Re: [PATCH 5/5] perf: arm_spe: Decode SVE events

From: André Przywara
Date: Mon Sep 28 2020 - 10:00:18 EST


On 28/09/2020 14:21, Dave Martin wrote:

Hi Dave,

> On Tue, Sep 22, 2020 at 11:12:25AM +0100, Andre Przywara wrote:
>> The Scalable Vector Extension (SVE) is an ARMv8 architecture extension
>> that introduces very long vector operations (up to 2048 bits).
>
> (8192, in fact, though don't expect to see that on real hardware any
> time soon... qemu and the Arm fast model can do it, though.)
>
>> The SPE profiling feature can tag SVE instructions with additional
>> properties like predication or the effective vector length.
>>
>> Decode the new operation type bits in the SPE decoder to allow the perf
>> tool to correctly report about SVE instructions.
>
>
> I don't know anything about SPE, so just commenting on a few minor
> things that catch my eye here.

Many thanks for taking a look!
Please note that I actually missed a prior submission by Wei, so the
code changes here will end up in:
https://lore.kernel.org/patchwork/patch/1288413/

But your two points below magically apply to his patch as well, so....

>
>> Signed-off-by: Andre Przywara <andre.przywara@xxxxxxx>
>> ---
>> .../arm-spe-decoder/arm-spe-pkt-decoder.c | 48 ++++++++++++++++++-
>> 1 file changed, 47 insertions(+), 1 deletion(-)
>>
>> diff --git a/tools/perf/util/arm-spe-decoder/arm-spe-pkt-decoder.c b/tools/perf/util/arm-spe-decoder/arm-spe-pkt-decoder.c
>> index a033f34846a6..f0c369259554 100644
>> --- a/tools/perf/util/arm-spe-decoder/arm-spe-pkt-decoder.c
>> +++ b/tools/perf/util/arm-spe-decoder/arm-spe-pkt-decoder.c
>> @@ -372,8 +372,35 @@ int arm_spe_pkt_desc(const struct arm_spe_pkt *packet, char *buf,
>> }
>> case ARM_SPE_OP_TYPE:
>> switch (idx) {
>> - case 0: return snprintf(buf, buf_len, "%s", payload & 0x1 ?
>> + case 0: {
>> + size_t blen = buf_len;
>> +
>> + if ((payload & 0x89) == 0x08) {
>> + ret = snprintf(buf, buf_len, "SVE");
>> + buf += ret;
>> + blen -= ret;
>
> (Nit: can ret be < 0 ? I've never been 100% clear on this myself for
> the s*printf() family -- if this assumption is widespread in perf tool
> a lready that I guess just go with the flow.)

Yeah, some parts of the code in here check for -1, actually, but doing
this on every call to snprintf would push this current code over the
edge - and I cowardly avoided a refactoring ;-)

Please note that his is perf userland, and also we are printing constant
strings here.
Although admittedly this starts to sounds like an excuse now ...

> I wonder if this snprintf+increment+decrement sequence could be wrapped
> up as a helper, rather than having to be repeated all over the place.

Yes, I was hoping nobody would notice ;-)

>> + if (payload & 0x2)
>> + ret = snprintf(buf, buf_len, " FP");
>> + else
>> + ret = snprintf(buf, buf_len, " INT");
>> + buf += ret;
>> + blen -= ret;
>> + if (payload & 0x4) {
>> + ret = snprintf(buf, buf_len, " PRED");
>> + buf += ret;
>> + blen -= ret;
>> + }
>> + /* Bits [7..4] encode the vector length */
>> + ret = snprintf(buf, buf_len, " EVLEN%d",
>> + 32 << ((payload >> 4) & 0x7));
>
> Isn't this just extracting 3 bits (0x7)?

Ah, right, the comment is wrong.
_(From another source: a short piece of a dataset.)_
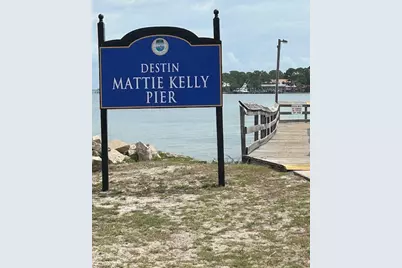 615 Beach Drive, Destin, FL 32541 - Photo 36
It's actually bits [6:4].

> And what unit are we aiming
> for here: is it the number of bytes per vector, or something else? I'm
> confused by the fact that this will go up in steps of 32, which doesn't
> seem to match up to the architecure.

So this is how SPE encodes the effective vector length in its payload:
the format is described in section "D10.2.7 Operation Type packet" in a
(recent) ARMv8 ARM. I put the above statement in a C file and ran all
input values through it, it produced the exact *bit* length values as in
the spec.

Is there any particular pattern you are concerned about?
I admit this is somewhat hackish, I can do an extra function to put some
comments in there.

>
> I notice that bit 7 has to be zero to get into this if() though.
>
>> + buf += ret;
>> + blen -= ret;
>> + return buf_len - blen;
>> + }
>> +
>> + return snprintf(buf, buf_len, "%s", payload & 0x1 ?
>> "COND-SELECT" : "INSN-OTHER");
>> + }
>> case 1: {
>> size_t blen = buf_len;
>>
>> @@ -403,6 +430,25 @@ int arm_spe_pkt_desc(const struct arm_spe_pkt *packet, char *buf,
>> ret = snprintf(buf, buf_len, " NV-SYSREG");
>> buf += ret;
>> blen -= ret;
>> + } else if ((payload & 0x0a) == 0x08) {
>> + ret = snprintf(buf, buf_len, " SVE");
>> + buf += ret;
>> + blen -= ret;
>> + if (payload & 0x4) {
>> + ret = snprintf(buf, buf_len, " PRED");
>> + buf += ret;
>> + blen -= ret;
>> + }
>> + if (payload & 0x80) {
>> + ret = snprintf(buf, buf_len, " SG");
>> + buf += ret;
>> + blen -= ret;
>> + }
>> + /* Bits [7..4] encode the vector length */
>> + ret = snprintf(buf, buf_len, " EVLEN%d",
>> + 32 << ((payload >> 4) & 0x7));
>
> Same comment as above. Maybe have a common helper for decoding the
> vector length bits so it can be fixed in a single place?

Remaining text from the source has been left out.